Evelyn Li

I am a Master of Applied Science candidate in Materials Science & Engineering at the University of Toronto, specializing in the performance of materials in extreme environments. My current research focuses on investigating the corrosion behaviour of additively manufactured materials for molten salt reactor applications, directly addressing key challenges in next-generation nuclear systems. With a strong background in additive manufacturing, materials characterization, and machine learning, I bridge the gap between fundamental research and practical engineering solutions.

My work, recognized through publications and prestigious scholarships, is driven by a passion for developing innovative materials to advance clean energy technology.
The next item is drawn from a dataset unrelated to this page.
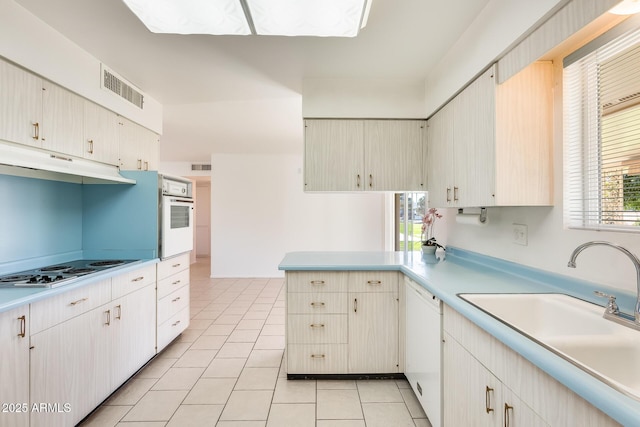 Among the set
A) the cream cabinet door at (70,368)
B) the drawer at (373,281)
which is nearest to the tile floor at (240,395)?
the cream cabinet door at (70,368)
I am a materials researcher with hands-on experience in developing and characterizing materials for demanding environments, particularly relevant to the nuclear sector. My graduate research at the Laboratory for Extreme Mechanics & Additive Manufacturing focuses on investigating corrosion and stress corrosion cracking in advanced alloys and additively manufactured steels. I have pioneered a novel magnetic field-assisted manufacturing technique for creating graded components and developed a machine learning model in Python to optimize this process.
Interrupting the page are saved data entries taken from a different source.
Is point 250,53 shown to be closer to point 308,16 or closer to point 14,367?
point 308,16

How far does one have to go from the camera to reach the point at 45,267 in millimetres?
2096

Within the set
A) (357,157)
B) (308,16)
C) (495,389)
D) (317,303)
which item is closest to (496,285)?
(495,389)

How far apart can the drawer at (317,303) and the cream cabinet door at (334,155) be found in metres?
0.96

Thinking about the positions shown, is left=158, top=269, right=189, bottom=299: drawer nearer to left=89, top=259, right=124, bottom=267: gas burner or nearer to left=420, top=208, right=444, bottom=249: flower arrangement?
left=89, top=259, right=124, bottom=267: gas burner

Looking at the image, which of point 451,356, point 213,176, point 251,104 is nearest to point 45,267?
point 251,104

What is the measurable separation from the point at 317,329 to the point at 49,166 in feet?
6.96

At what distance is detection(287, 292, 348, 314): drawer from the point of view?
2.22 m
This work is complemented by practical skills in electrochemical/mechanical testing (LPR, CPP, EIS, and SSRT testings), advanced characterization (SEM/EDS, XPS), and proficiency in engineering design software like SolidWorks and CATIA, providing a strong foundation for mechanical design and analysis.

I am currently completing a Master of Applied Science in Materials Science & Engineering at the University of Toronto, maintaining a perfect 4.0 GPA in all graduate courses. This follows the completion of my Bachelor of Applied Science in the same discipline, where I graduated with high distinction. My graduate studies are intensely focused on the performance and degradation of materials, including my current project on corrosion in molten salt environments.

This advanced education has provided me with a deep theoretical and practical understanding of material science—a desired asset for the role—and directly supports engineering tasks involving material selection, failure analysis, and the development of robust components.